Fact: We discovered, after our yard thawed, the snow plows ripped up nearly all of our landscape timbers around our second driveway. Causing me to jerk far over, each time I pull out of the garage.
Fact: Coach spent our Saturday afternoon, patching a decent gap on our roof and laying lyme in our crawl space. More money...
Fact: We learned we are paying on our taxes, rather than receiving a refund.
Fact: This morning, a trailer, with a backhoe, pulled in front of our home. More money...
Fact: One hour later, 2 men had done little more than walk circles, sticking a long metal pole into my landscaping, trying to locate the pipes.
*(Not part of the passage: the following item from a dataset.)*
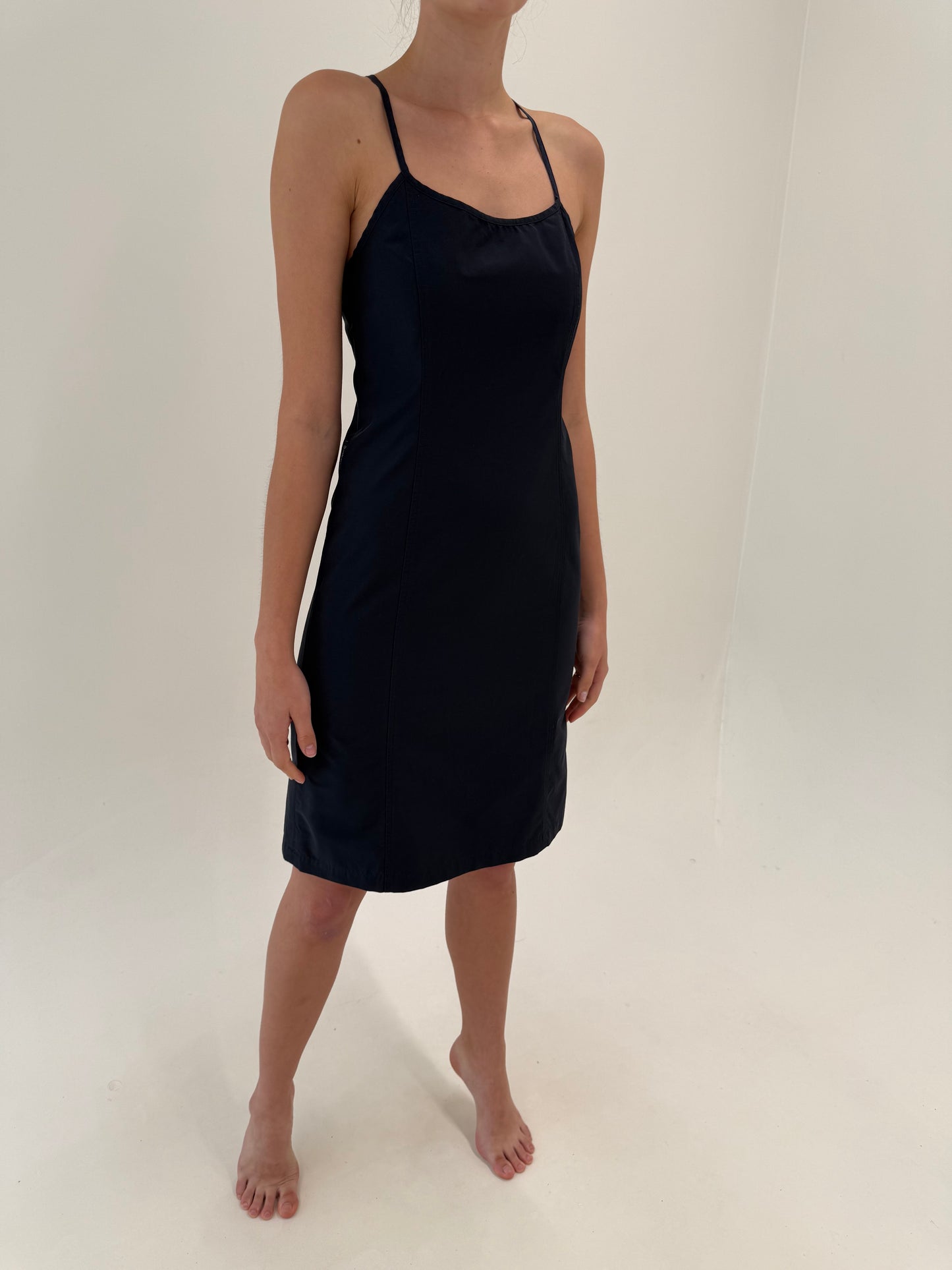 Rochie Armani din poplin excepțional Navy blue cu influențe casual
Fact: They are now tearing up our yard AND a portion of our neighbors.
Fact: Stressed over the tremendous hit to our finances, I left for yoga. Preparing to bring relaxation to the masses.
Simultaneously: my yoga bag fell across the seat... I noticed my door light blinking because again The Kid did not properly shut the back door.... I jerked to miss the broken timbers... AND.. then... crashed into Coach's truck... which is NEVER parked sideways, in our second drive but was today... to grant access to the giant Backhoe.
Yep. That really happened.
Eerily, without a single dramatic exclamation (seriously, no sarcasm this time) I calmly walked into the house. In monotone, I told Coach "I crashed our vehicles together". He calmly followed me. We surveyed the damage... shrugged our shoulders (we are now completely accustomed to Bad Luck Chuck's shenanigans) and I left for yoga.
Fact: I distractedly lead my class through a series of poses. I was not angry, I never so much as swore in the silence of my thoughts. But I was annoyed.
"Really....?" I thought. "Really, we are going to end up bankrupt, in a month? We have one unexpected expense after another!! Really... cut us a break?!"
I guided my class into final relaxation. Which I typically skip for myself but figured I should lay back, to prevent a migraine. And then... through my annoyance,
Clarity squarely slapped my snotty face.
"Really... stupid girl??? Really, you are upset over a busted tail-light? Really... you are annoyed the plumbing, in the home you OWN needs to be fixed? Really... you are dramatically melting down over a little poo in your crawl space??? Entire Japanese villages, full of family and friends, were washed away in seconds. Parents, held the hands of their children, as an angry wave yanked them apart. People, contemplating what to cook for dinner.. are now without a kitchen to cook in or a family to cook for.
So really.. selfish little brat... get over yourself!"
Honestly, Clarity spoke to me, that aggressively.
And while I rarely blog 'Thank-you Higher Power'... kind of posts. Dang it, if Clarity didn't teach me a lesson.
I really deserved that mental spanking.